» Prompt
The first line of the listing opens the range and the line with "Three pieces are" closes it; repeat those lines and all between them word for word, leaving out the pictures.

» Data supplied
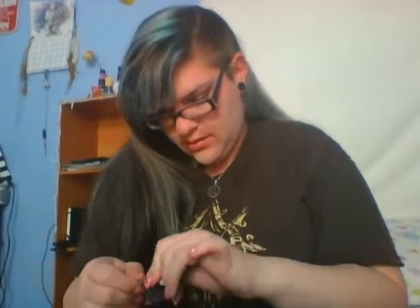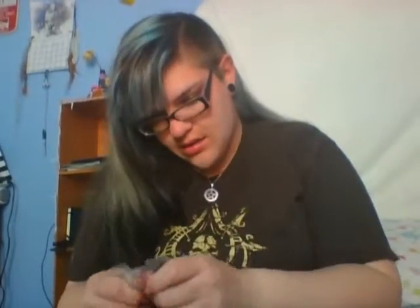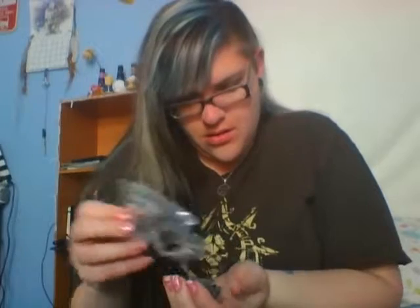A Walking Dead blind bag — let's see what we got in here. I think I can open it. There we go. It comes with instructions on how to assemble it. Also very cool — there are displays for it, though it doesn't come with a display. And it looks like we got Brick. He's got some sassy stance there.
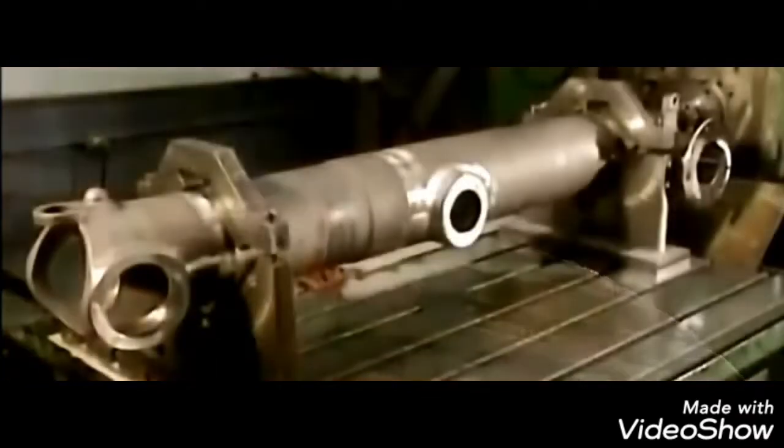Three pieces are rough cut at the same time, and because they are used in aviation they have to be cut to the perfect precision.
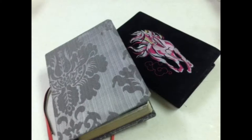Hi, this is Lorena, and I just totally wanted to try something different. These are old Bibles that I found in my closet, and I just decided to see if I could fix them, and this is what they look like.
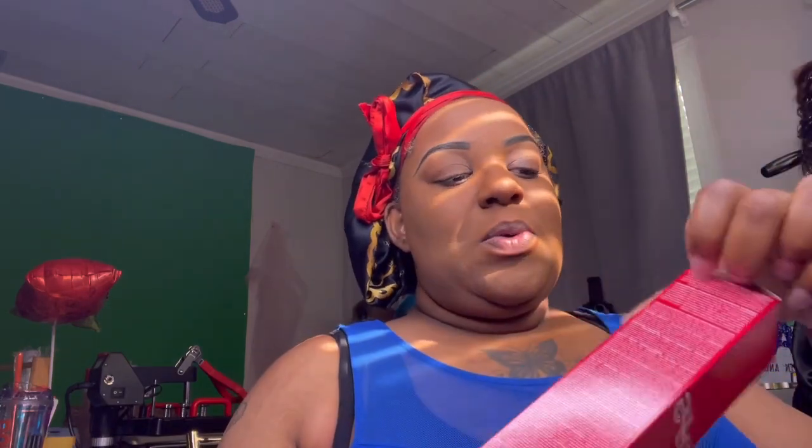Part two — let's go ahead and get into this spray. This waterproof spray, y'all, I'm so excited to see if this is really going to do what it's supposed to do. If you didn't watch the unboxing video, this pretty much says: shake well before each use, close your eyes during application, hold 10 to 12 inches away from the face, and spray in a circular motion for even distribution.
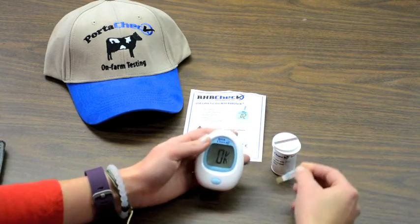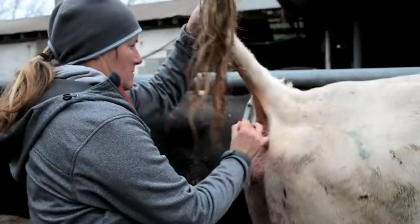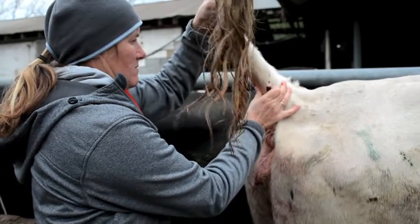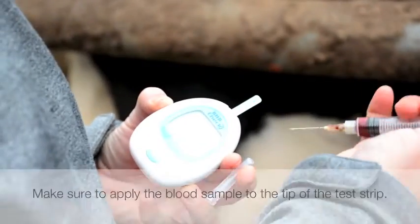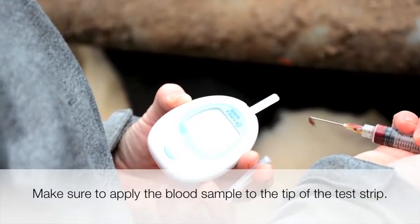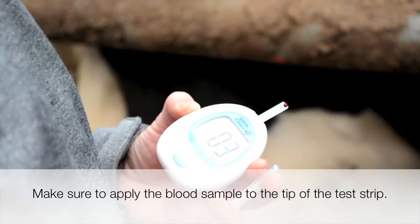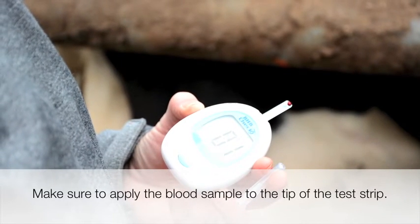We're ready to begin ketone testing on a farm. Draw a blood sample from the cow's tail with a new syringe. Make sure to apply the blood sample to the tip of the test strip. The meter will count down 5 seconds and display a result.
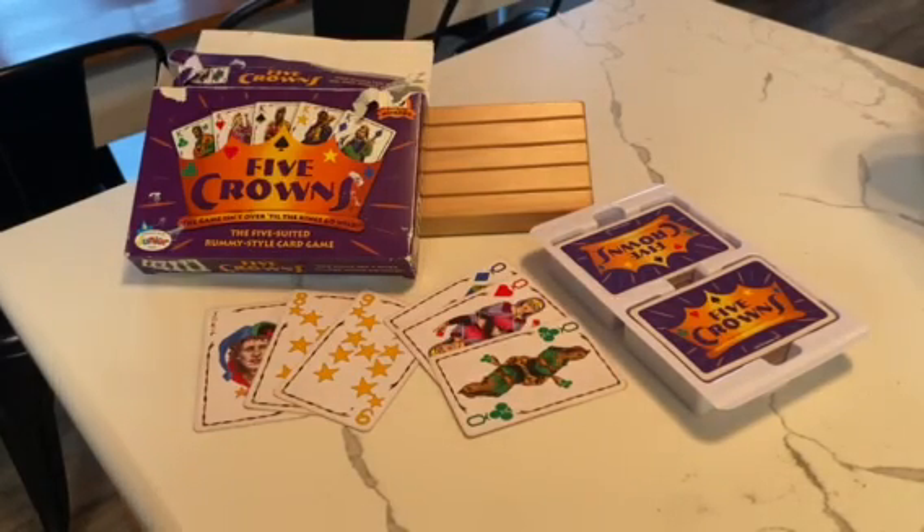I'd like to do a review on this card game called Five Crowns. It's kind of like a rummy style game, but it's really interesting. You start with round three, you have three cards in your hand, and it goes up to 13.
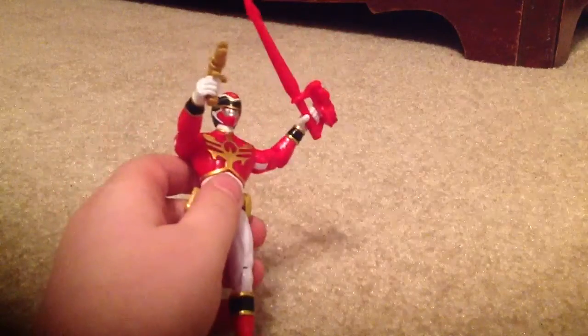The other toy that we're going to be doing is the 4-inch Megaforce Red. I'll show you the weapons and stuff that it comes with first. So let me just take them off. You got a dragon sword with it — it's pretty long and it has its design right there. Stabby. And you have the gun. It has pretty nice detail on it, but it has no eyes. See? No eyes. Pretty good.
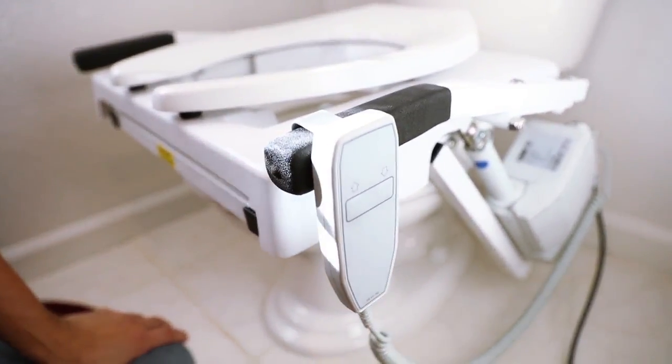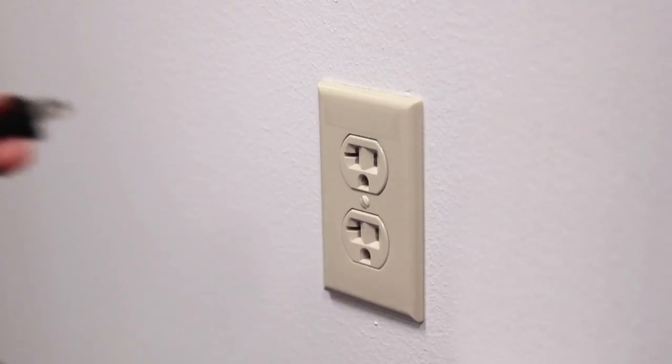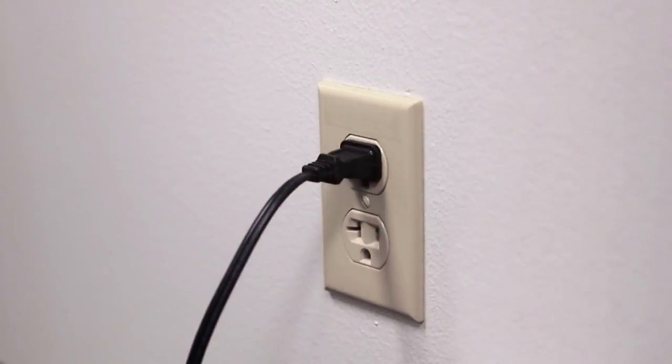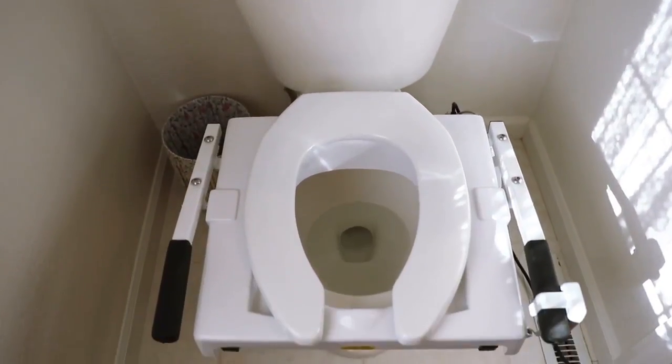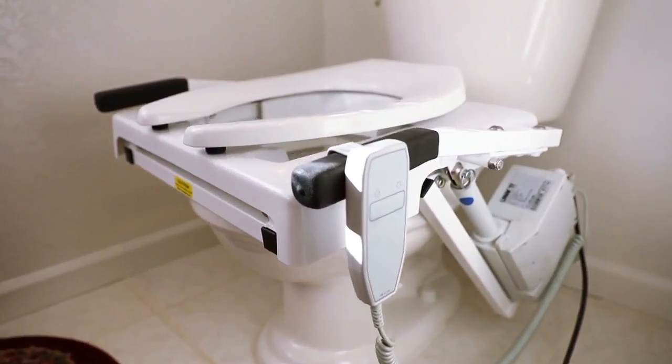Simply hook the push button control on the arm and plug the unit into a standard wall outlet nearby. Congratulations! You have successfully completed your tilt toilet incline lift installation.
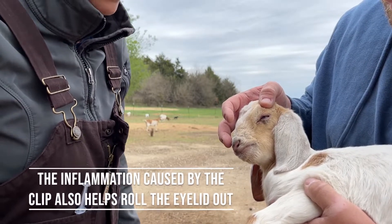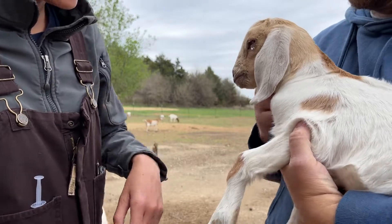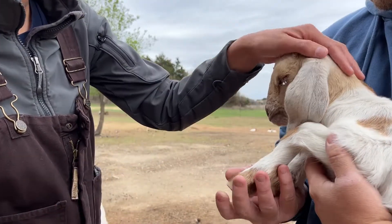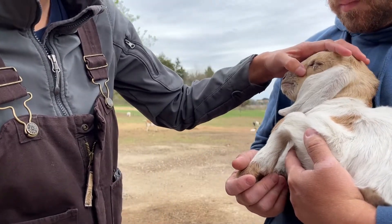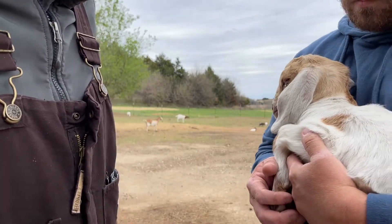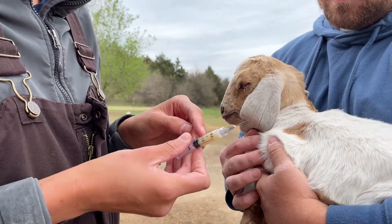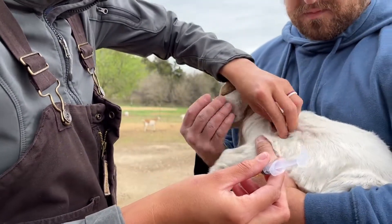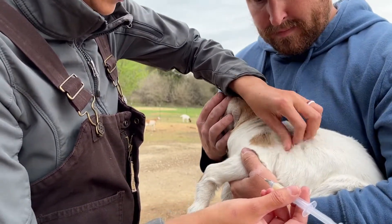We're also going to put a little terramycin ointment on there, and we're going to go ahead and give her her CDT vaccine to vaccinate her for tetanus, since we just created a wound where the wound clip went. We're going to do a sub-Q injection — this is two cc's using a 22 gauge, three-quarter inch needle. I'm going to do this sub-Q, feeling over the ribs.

» Exercise output
A Walking Dead blind bag — let's see what we got in here. I think I can open it. There we go. It comes with instructions on how to assemble it. Also very cool — there are displays for it, though it doesn't come with a display. And it looks like we got Brick. He's got some sassy stance there.
Three pieces are rough cut at the same time, and because they are used in aviation they have to be cut to the perfect precision.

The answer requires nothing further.